Kathy McKeown, Columbia University
Kathy McKeown, Columbia University, explained that the natural language processing community uses machine learning techniques to extract information from text to solve problems. The framework for these machine learning techniques includes (1) the data, which is often labeled with the intended output; (2) the extraction of features from the text data using natural language techniques; and (3) the prediction of output. According to McKeown, researchers are interested in what type of data is available for learning, which features produce the most accurate predictions, and which machine learning techniques work best—supervised, unsupervised, and distant learning are currently used.
McKeown noted that core natural language processing technology enables part-of-speech tagging, sentence parsing, and language modeling (i.e., a statistical approach to identify word sequence probability). She detailed applications of natural language technology that use (1) interpretation (e.g., information extraction and sentiment analysis), (2) generation (e.g., summarization), and (3) analysis of social media (e.g., Tweets from gang members).
The purpose of information extraction, according to McKeown, is to extract concrete facts from text (i.e., named entities, relations, events) to create a structured knowledge base of facts. Event discovery and linking includes linking documents as well as linking dimension in the text to a real-world entity. The state of the art for the English language is relatively strong for named entities (89 percent accuracy), though there is room for improvement in both relations (59 percent accuracy) and events (63 percent accuracy). Commonly deployed machine learning methods include sequence labeling, neural nets, and distant learning, while features could be linguistic or based on similarity, popularity, gazeteers, ontologies, or verb triggers.

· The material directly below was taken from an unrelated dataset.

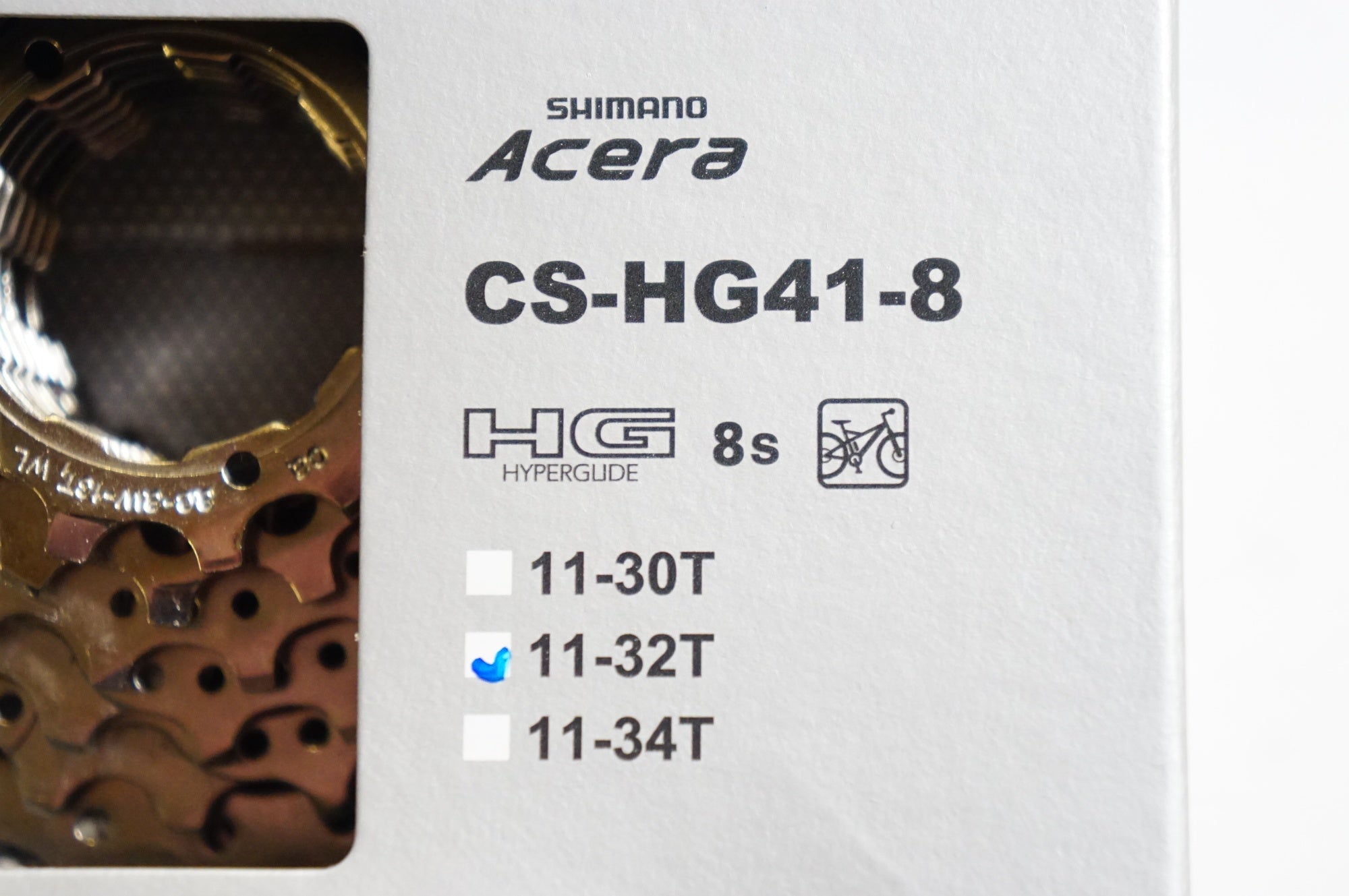 SHIMANO 「シマノ」 CS-HG41-8 11-32T スプロケット / 熊谷本店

McKeown pointed out that since 2006, there has been substantial progress in entity discovery and linking as a result of the Defense Advanced Research Projects Agency (DARPA) Deep Exploration and Filtering of Text (DEFT) program.1 Additional short-term goals for entity discovery and linking include improved name tagging, smarter collective inference, and resolution of true aliases and handles used as entity mentions. She added that
1 For information about the DEFT program, see DARPA, “Deep Exploration and Filtering of Text (DEFT),” last updated November 13, 2015, https://opencatalog.darpa.mil/DEFT.html. See also the section on Boyan Onyshkevych’s presentation in Chapter 5 of this proceedings.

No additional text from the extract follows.